» RECORDS SHOWN

+++

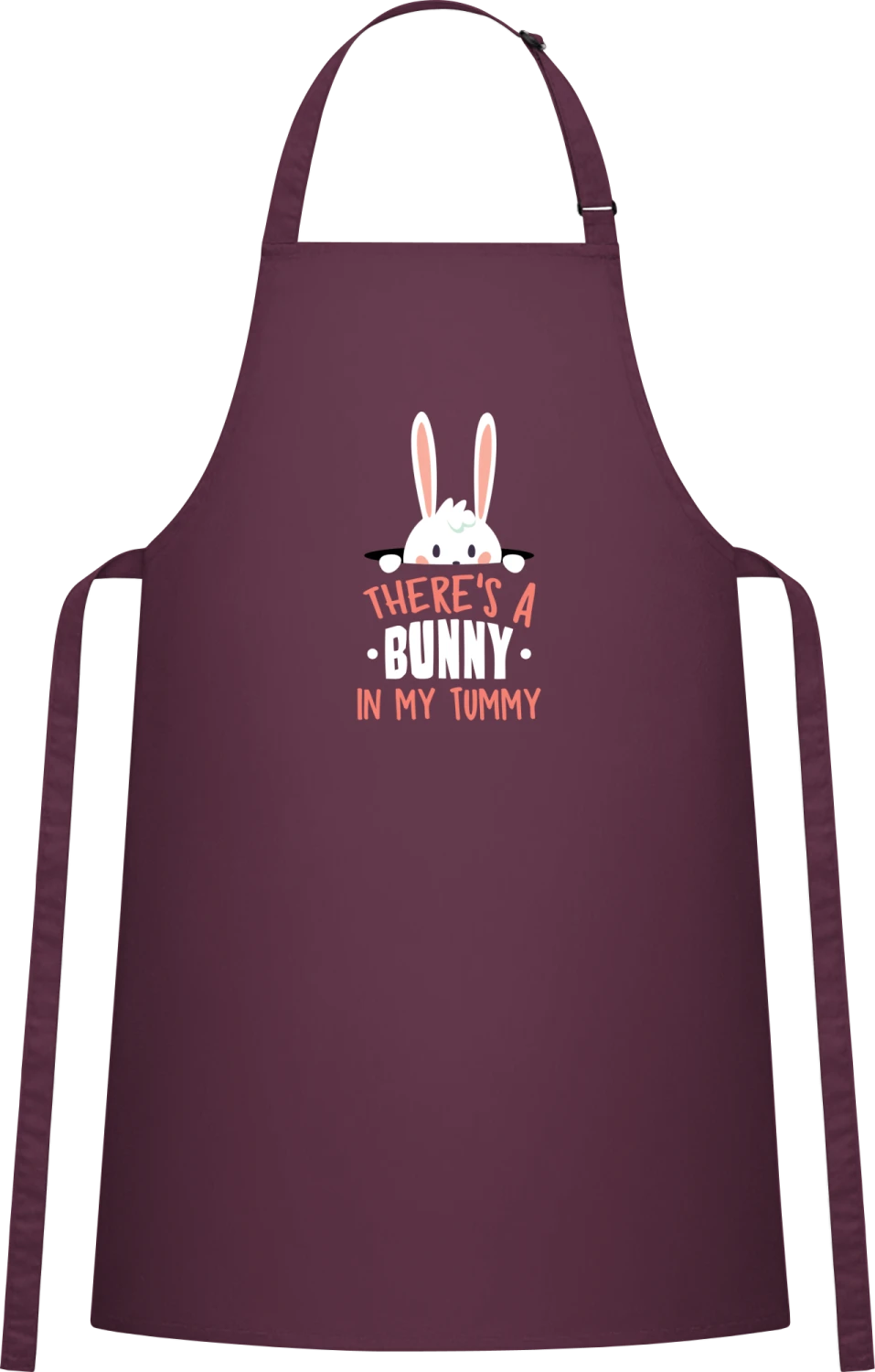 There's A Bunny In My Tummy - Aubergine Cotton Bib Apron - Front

+++

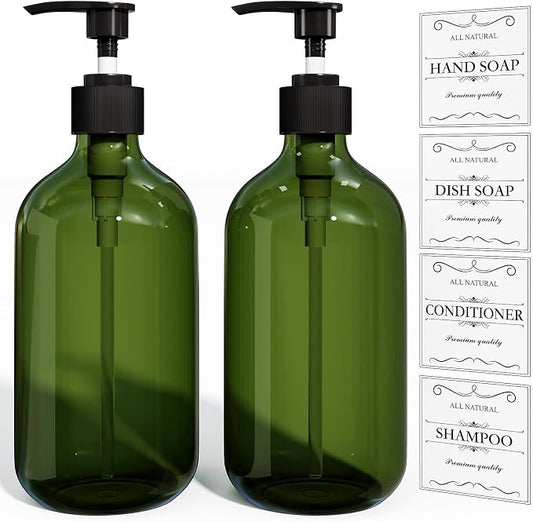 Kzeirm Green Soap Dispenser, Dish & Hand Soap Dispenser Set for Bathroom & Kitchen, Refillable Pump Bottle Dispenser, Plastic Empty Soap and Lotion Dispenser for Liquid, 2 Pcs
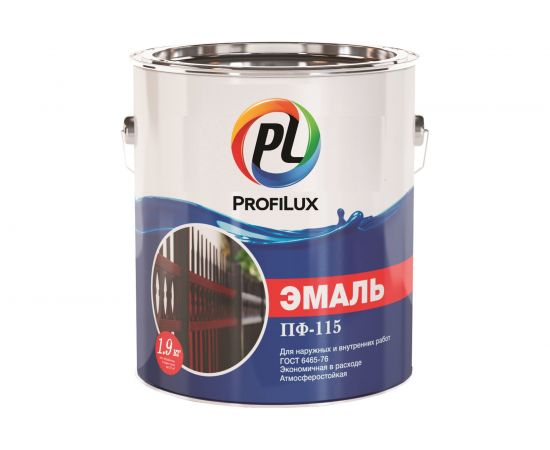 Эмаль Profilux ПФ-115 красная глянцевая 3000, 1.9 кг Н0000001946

+++

» WHAT YOU NEED TO DO
Leave out every picture, and copy exactly the lines above starting at the one holding "Kzeirm Green Soap" and ending at the one holding "Эмаль Profilux ПФ-115", no more and no less.

» YOUR SOLUTION
 Kzeirm Green Soap Dispenser, Dish & Hand Soap Dispenser Set for Bathroom & Kitchen, Refillable Pump Bottle Dispenser, Plastic Empty Soap and Lotion Dispenser for Liquid, 2 Pcs
 Эмаль Profilux ПФ-115 красная глянцевая 3000, 1.9 кг Н0000001946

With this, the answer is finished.